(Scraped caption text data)

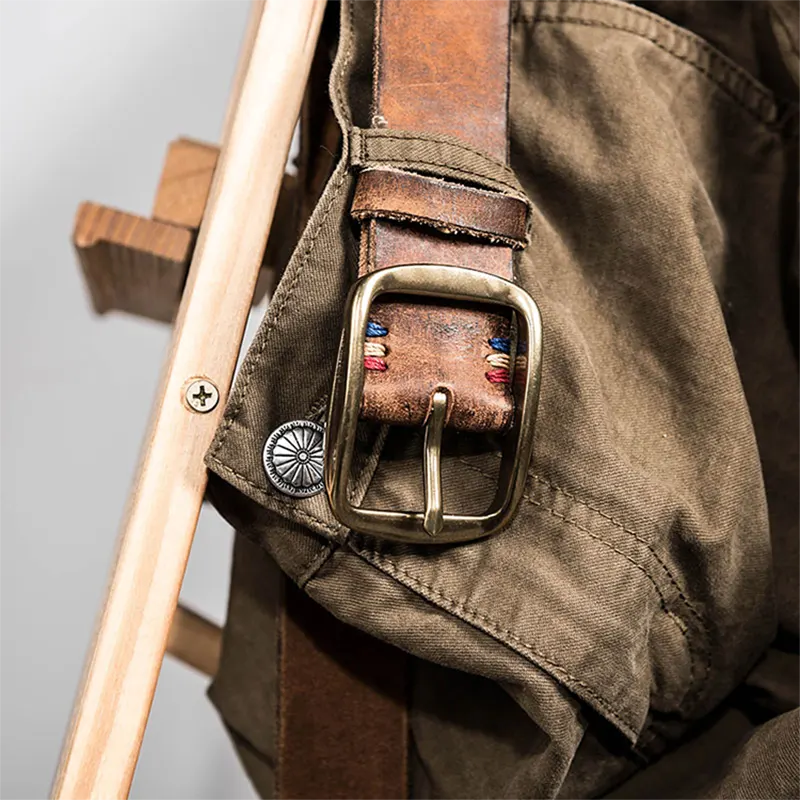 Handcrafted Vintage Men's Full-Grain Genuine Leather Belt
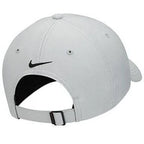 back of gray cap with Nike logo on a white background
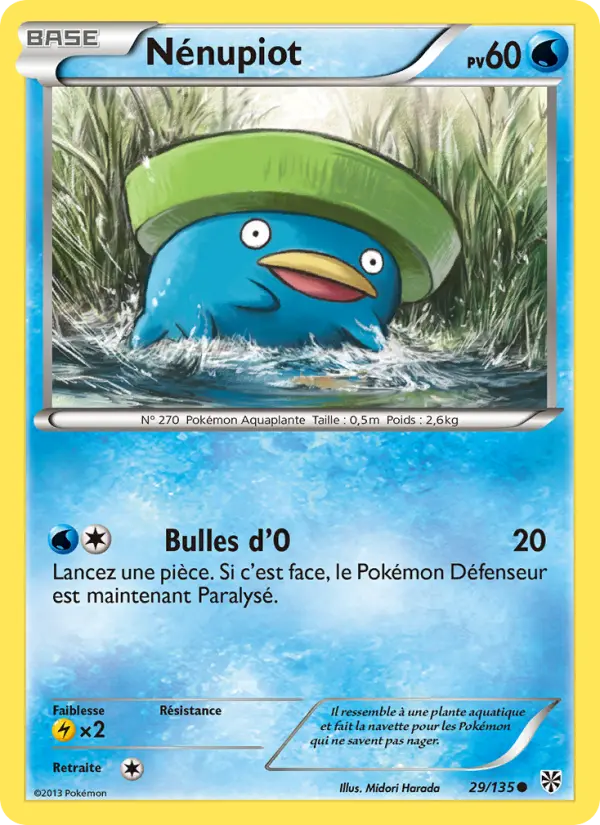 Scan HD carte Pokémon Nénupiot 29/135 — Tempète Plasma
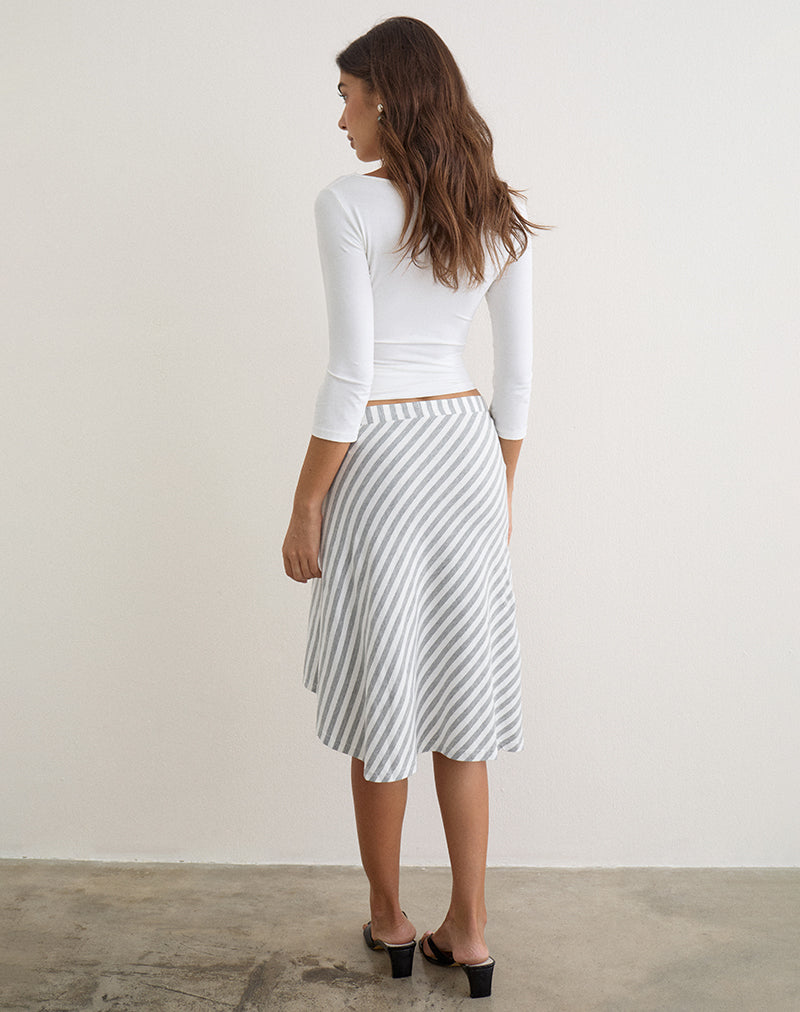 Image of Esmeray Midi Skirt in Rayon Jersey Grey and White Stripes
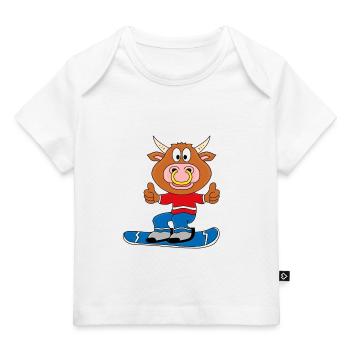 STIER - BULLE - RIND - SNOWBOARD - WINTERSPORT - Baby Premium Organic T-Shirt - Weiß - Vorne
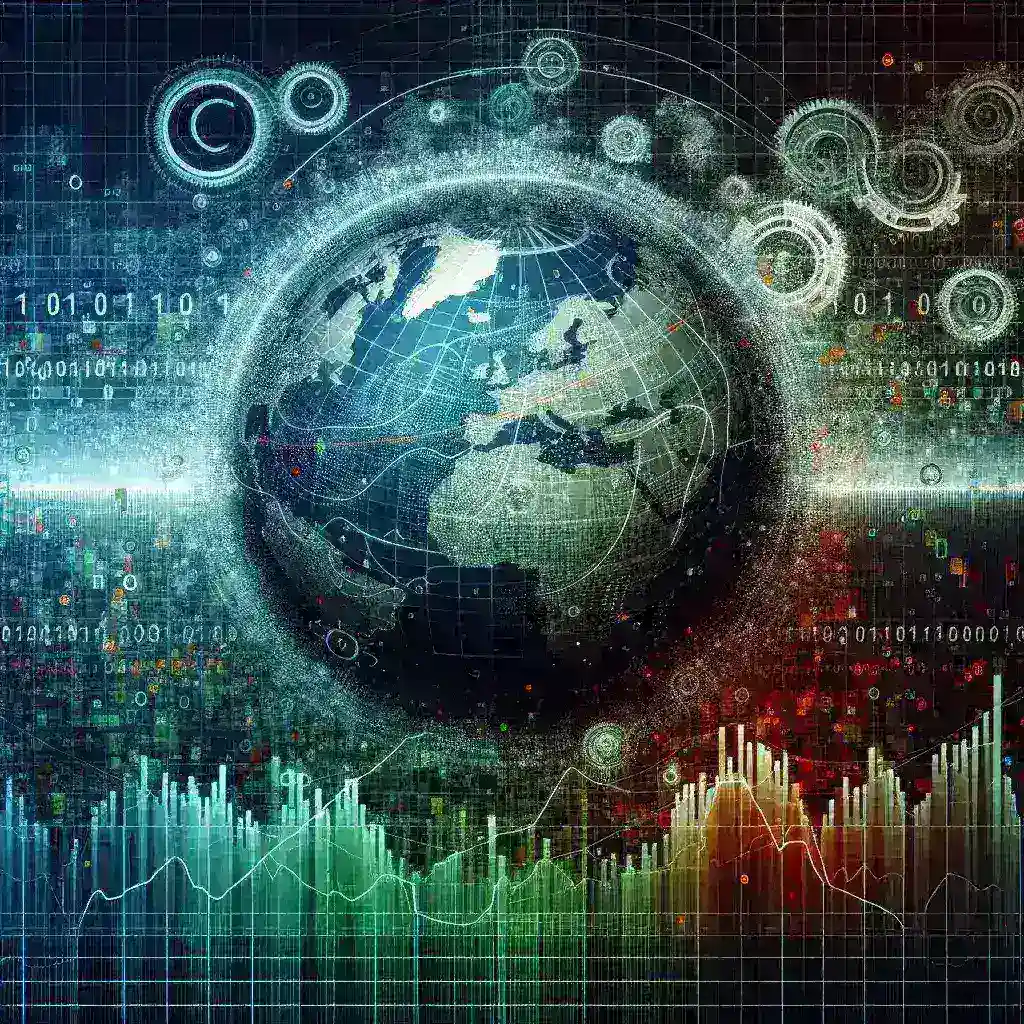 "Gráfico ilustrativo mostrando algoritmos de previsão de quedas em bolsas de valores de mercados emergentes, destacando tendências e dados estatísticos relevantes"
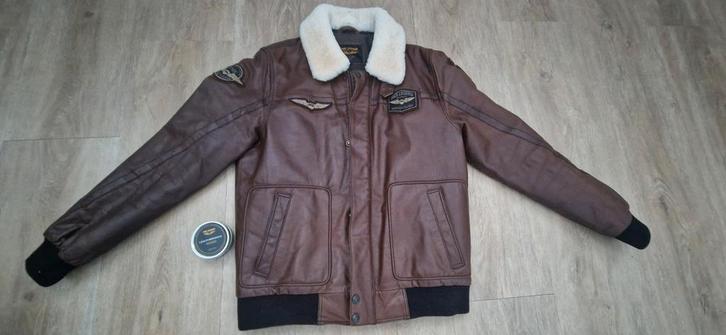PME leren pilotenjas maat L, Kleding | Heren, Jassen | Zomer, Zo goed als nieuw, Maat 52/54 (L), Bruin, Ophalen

--

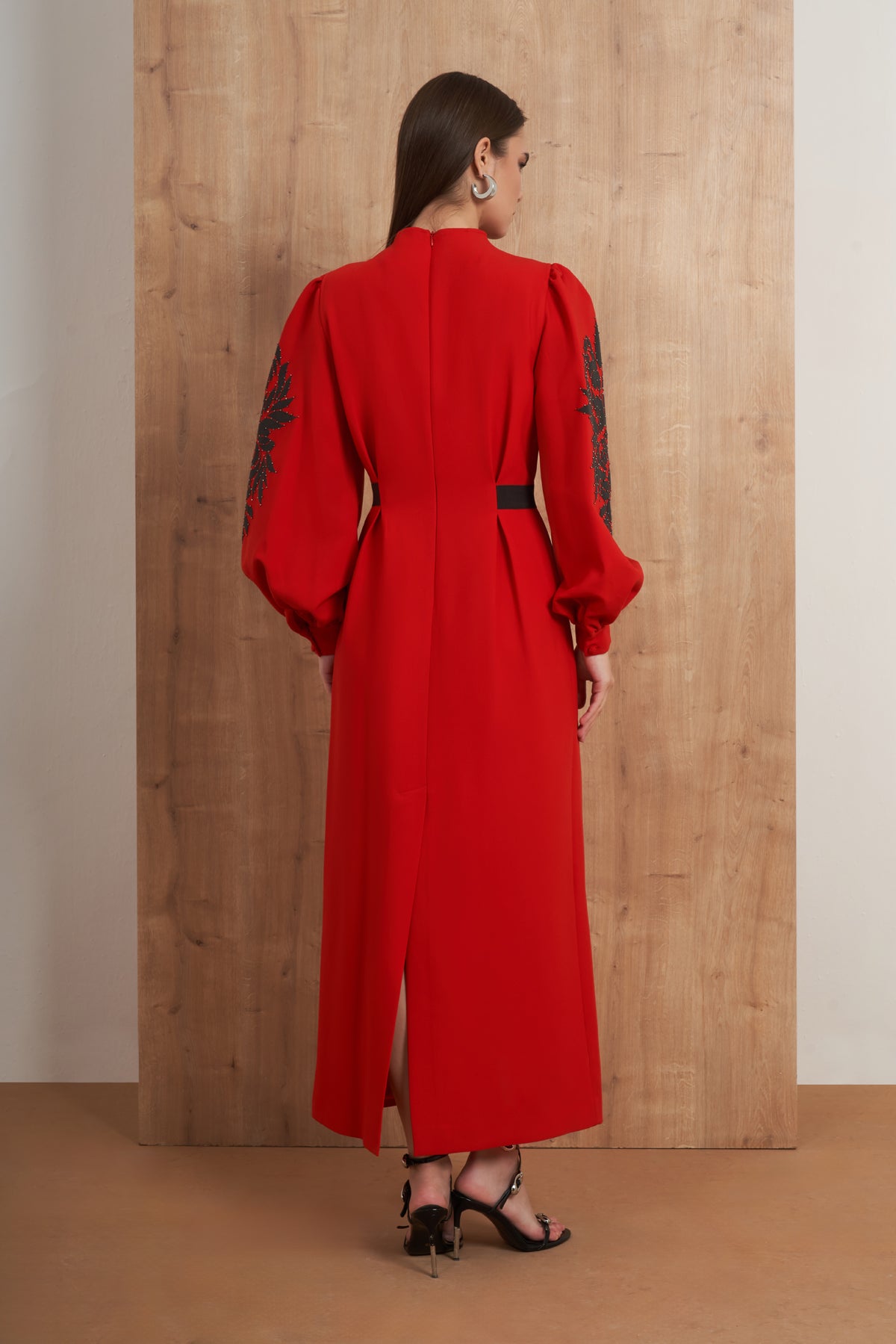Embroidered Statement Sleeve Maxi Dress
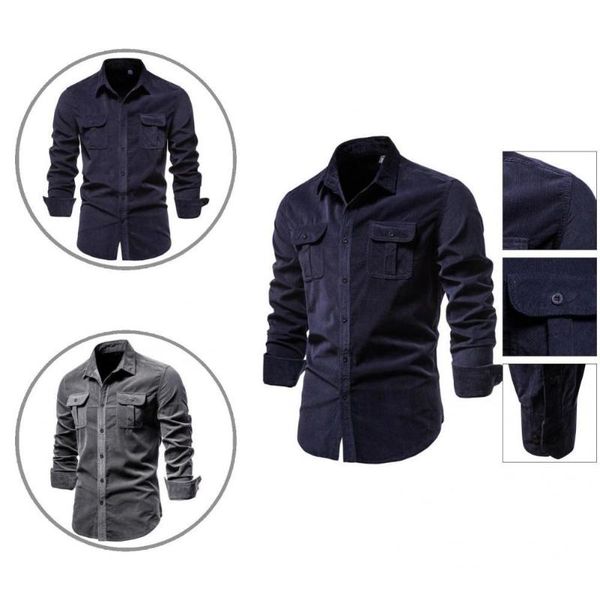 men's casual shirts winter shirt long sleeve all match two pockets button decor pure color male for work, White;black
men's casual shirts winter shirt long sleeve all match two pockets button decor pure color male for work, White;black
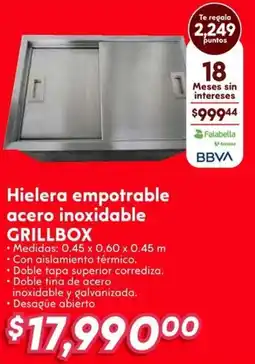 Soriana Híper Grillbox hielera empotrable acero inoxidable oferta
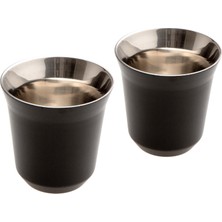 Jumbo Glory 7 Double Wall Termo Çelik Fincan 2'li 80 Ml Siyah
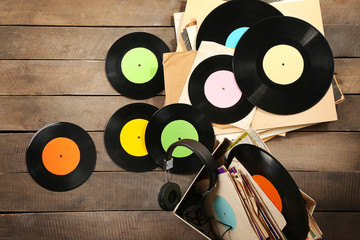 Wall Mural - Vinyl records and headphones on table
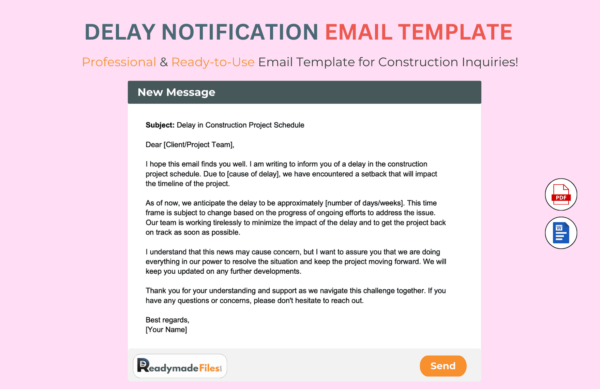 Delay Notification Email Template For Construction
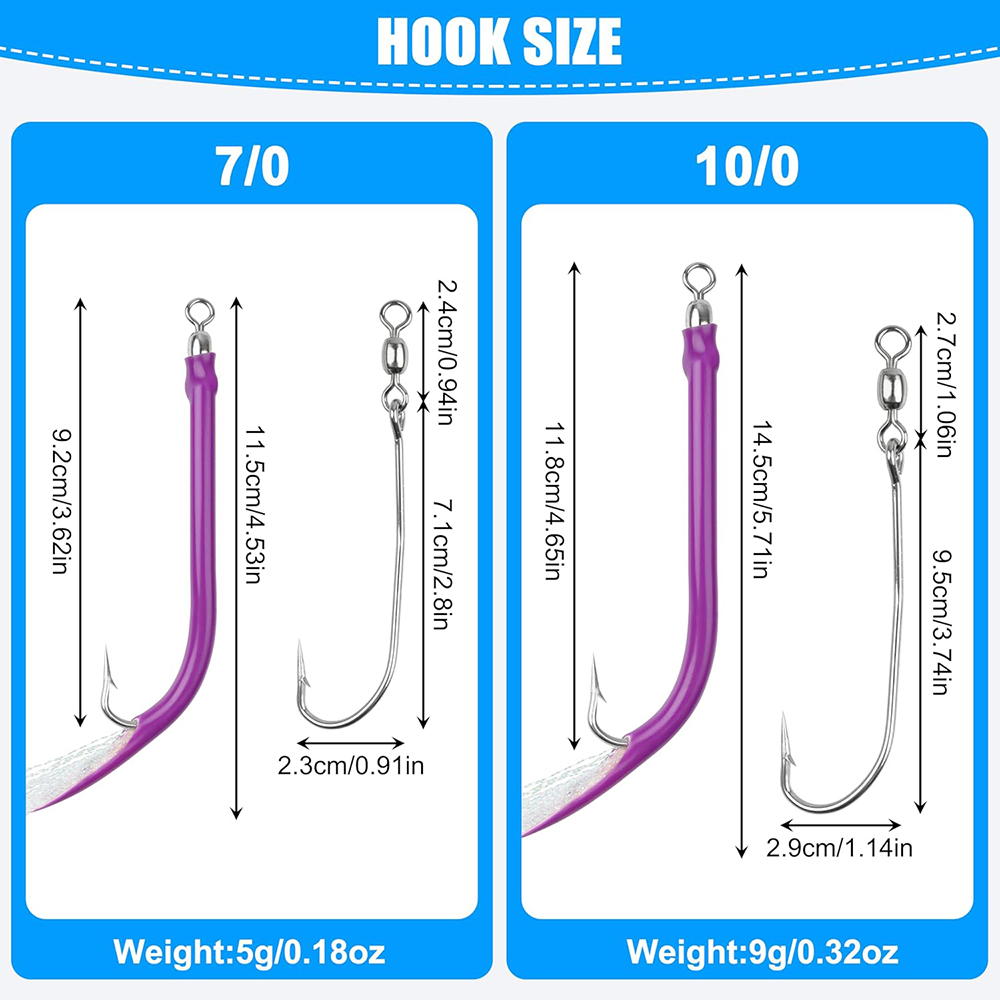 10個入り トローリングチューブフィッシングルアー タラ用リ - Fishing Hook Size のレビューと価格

[AIM OF THE EXERCISE]: How would the lines above read from the one with "Handcrafted Vintage Men's" to the one with "ilustrativo mostrando algoritmos", inclusive, with no pictures? Write them out exactly.

[EXERCISE SOLUTION]:
 Handcrafted Vintage Men's Full-Grain Genuine Leather Belt
 back of gray cap with Nike logo on a white background
 Scan HD carte Pokémon Nénupiot 29/135 — Tempète Plasma
 Image of Esmeray Midi Skirt in Rayon Jersey Grey and White Stripes
 STIER - BULLE - RIND - SNOWBOARD - WINTERSPORT - Baby Premium Organic T-Shirt - Weiß - Vorne
 "Gráfico ilustrativo mostrando algoritmos de previsão de quedas em bolsas de valores de mercados emergentes, destacando tendências e dados estatísticos relevantes"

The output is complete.